Pada tahun 2019, Evi melakukan tes HIV terhadap 30 bayi yang lahir dari ibu yang positif HIV di Manokwari. Tahun ini, dari 24 sampel, ia telah menguji 14 di antaranya. Pekerjaan Evi kerap kali menuntutnya bepergian jauh. Dari Manokwari, ia pernah harus mengunjungi Teluk Wondana yang berjarak 12 jam berkendara. Namun, Evi tak pernah mengeluh. Ia bahagia bahwa kerja kerasnya membuahkan hasil. “Moto saya adalah, lakukan hal kecil dengan hati yang besar,” ujarnya.

Menangani program HIV bukan pekerjaan yang mudah dan ada begitu banyak tantangan yang ia hadapi setiap hari. “Di program HIV, ada lebih banyak duka daripada suka” kata Evi. “Namun, karena sudah berkomitmen, kami akan tetap berjuang.”

Bagi Evi, suka adalah ketika ia dan timnya menyaksikan seorang bayi yang lahir dari ODHA tidak tertular virus HIV. “Apabila diagnosis HIV diketahui sejak trimester pertama, maka virus bisa ditangani dengan terapi antiretroviral selama enam bulan. Saya akan sangat bersyukur jika hasil EID kemudian negatif. Saya adalah salah seorang ibu yang mendapat keistimewaan bergabung dengan program ini dan membantu memutus rantai penularan sejak dini.”
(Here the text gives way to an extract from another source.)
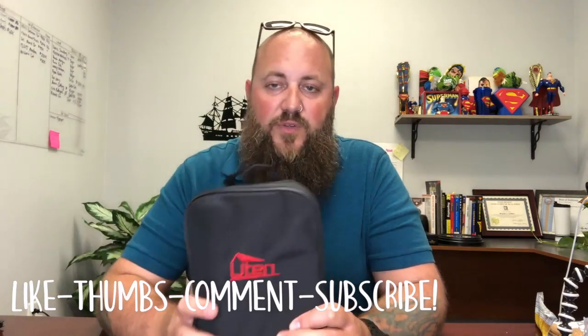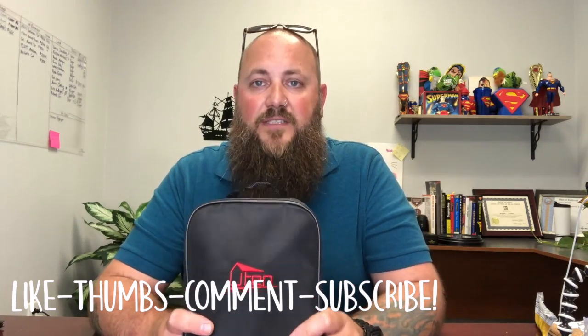We also have a 2018 Dodge Durango, so I'm going to give it a shot and see how it reads on that as well. That's pretty much it for me — I'm going to get out of the hot car. That was my review of the Uten OBD 1 and 2 code reader. I hope you enjoyed it. It'll be a handy little tool to have around, especially with my car getting older. Hopefully you enjoyed this — leave comments, let me know what you want to see. I'll see you guys later. Bye.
Tantangan lain yang ia hadapi biasanya bersifat budaya, sosial, dan berkaitan dengan stigma. Ada pula masalah buta aksara dan ketidakmampuan membaca waktu di kalangan warga di tempat terpencil. Hal ini menyulitkan mereka menjalani pengobatan HIV dengan benar karena obat harus diminum pada jam yang persis sama, setiap hari. Pemahaman terhadap layanan kesehatan, khususnya HIV dan PMTCT, juga terbatas. Untuk mengatasi isu-isu ini, Evi bekerja sama dengan masyarakat setempat untuk membuat bahan edukasi dan informasi dalam dialek setempat.

Semangat juang Evi memang tidak pernah padam meskipun terdapat berbagai tantangan di atas. “Saya bahagia melihat anak-anak yang pernah menjalani tes EID saya tumbuh sehat dan menjadi bagian dari generasi penerus bangsa, di mana pun mereka berada,” jelas Evi.

“Di Papua Barat, khususnya di Manokwari, kami perlu terus menyosialisasikan program HIV dan kesehatan,” lanjutnya, “Dan kami membutuhkan orang-orang yang berkomitmen untuk membantu Papua melawan HIV. Mari terus tekun bekerja dan jangan sampai menjadi tinggi hati.”

Evi sits outside her home in Manokwari, West Papua.